Dolayısıyla daha çok hürmet ediliyorlardı [241].

Kaganın devleti idare edecek vasıflara sahip olmayışı
Gök-Türk devletini temelinden sarsmış, ülkede birlik bozulmaya başlamıştı.
Bu esnada özellikle Kagan'ın annesinin bir vezirle gizli ittifak yapıp
devlet idaresini ele geçirmeye çalışması karışıklıkların baş sebebi olarak görülmektedir.

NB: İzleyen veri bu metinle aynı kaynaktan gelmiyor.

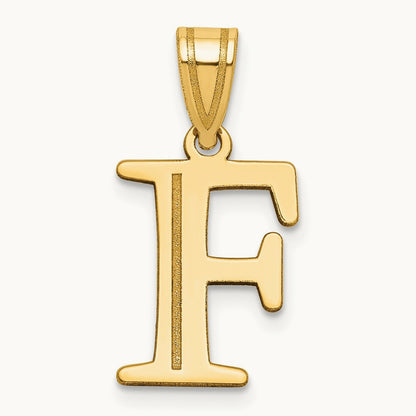 Polished Etched Letter F Initial Pendant, 14K
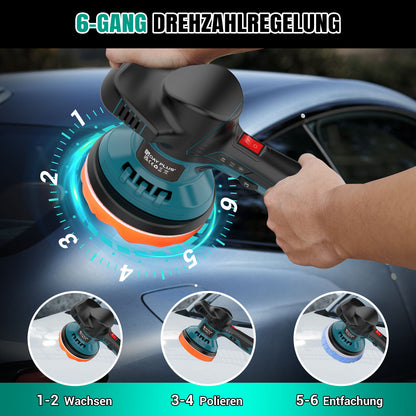 Akku Poliermaschine Set, Exzenter Poliermaschine mit 2 Batterien, Auto Poliermaschine Set 22pcs, Kabellos Akku Auto Poliermaschine,8 Variable Geschwindigkeiten Akku Wachsmaschine für die Autodetailing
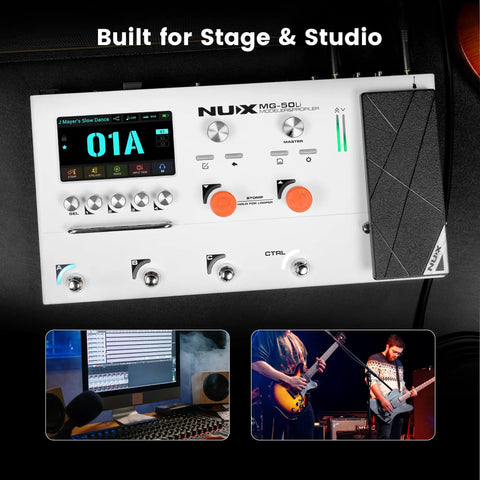 MG-50Li Multi Effects Pedal For Guitar And Bass With 14 Independent Signal Blocks 5 Hour Battery Life DeepImage Profiling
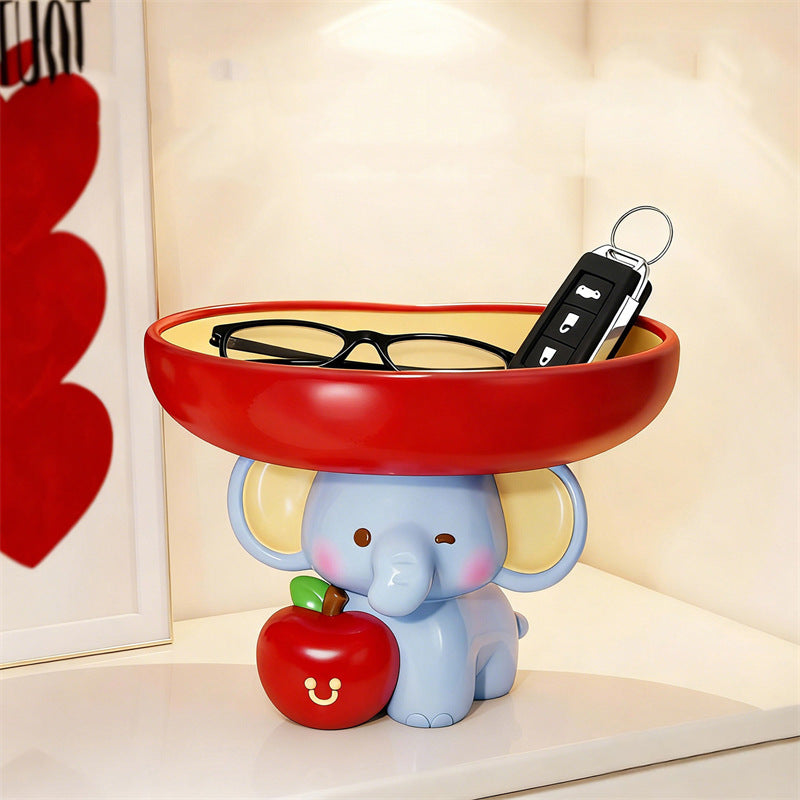 Cute Elephant Figurine with Candy Tray Key Holder Organizer for Home Decor Gift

Bu arada T'ang hanedanın imparatoru Hsüan Tsung,
740 yılında Teng-li'nin hükümdarlığını tanıdı.
Amcalarının devlet içinde güçlenmeleri Teng-li ve annesini korkutuyordu.
Hakimiyetlerinin sağlamlaştırılması için onları
yani Sol ve Sağ Şadları ortadan kaldırmaya karar verdiler.
Önce kurdukları komplo ve çevirdikleri entrika ile sağ kanat şadını
yani batıdaki amcayı öldürdüler.

Askerlerini ve bütün halkını kendilerine bağladılar.
Bu hadiseyi duyan doğudaki sol kanat şadı P'an Kül Tegin,
aynı şeyin kendi başına geleceğini düşündü.
Onların kendisine karşı harekete geçmelerini beklemeden derhal
Teng-li'ye hücum edip onu öldürdü.
Boş kalan kaganlık makamına Bilge'nin bir başka oğlunu getirdi.
Fakat P'an Kül Tegin'e kimse destek vermiyordu.
Basmıllar fırsattan istifade onu mağlup ettiler.
Yenilen P'an Kül Tegin,
kendisine bağlı kuvvetlerin tamamını kaybetti ve tek başına uzaklaştı [242].
Gök-Türk devletinde taht mücadelesi olanca hızıyla acımasızca sürüyordu.
P'an Kül Tegin'in tahta geçirdiği kaganı Ku-tuo (Kutlug) Yabgu öldürüp,
yine Bilge Kagan'ın bir başka oğlunu hükümdar yaptı.
Aynı Yabgu bir süre sonra
yeni kaganı da öldürüp kendisini kagan ilan etti [243].

Yaklaşık iki yüz yıldan beri kuzeylerini sürekli tehdit eden komşularının
bu hale düşmesi Çinlileri harekete geçirdi.
İmparator tarafından Sun Lao-nu adlı elçiye özel görev verilerek Uygur,
Karluk ve Basmıl gibi Türk boylarının yanına gönderildi.
Adı geçen boylara Gök-Türk devletinden ayrılıp,
Çin'e bağlanmaları teklif ediliyordu [244].
Çinlilerin bu teşebbüsü Orta Asya Türk tarihi için
uzun sayılabilecek barış dönemini sona erdirdi.
Aşağı-yukarı yirmi yıldan beri Gök-Türklerle Çin arasında önemli bir savaş olmamıştı.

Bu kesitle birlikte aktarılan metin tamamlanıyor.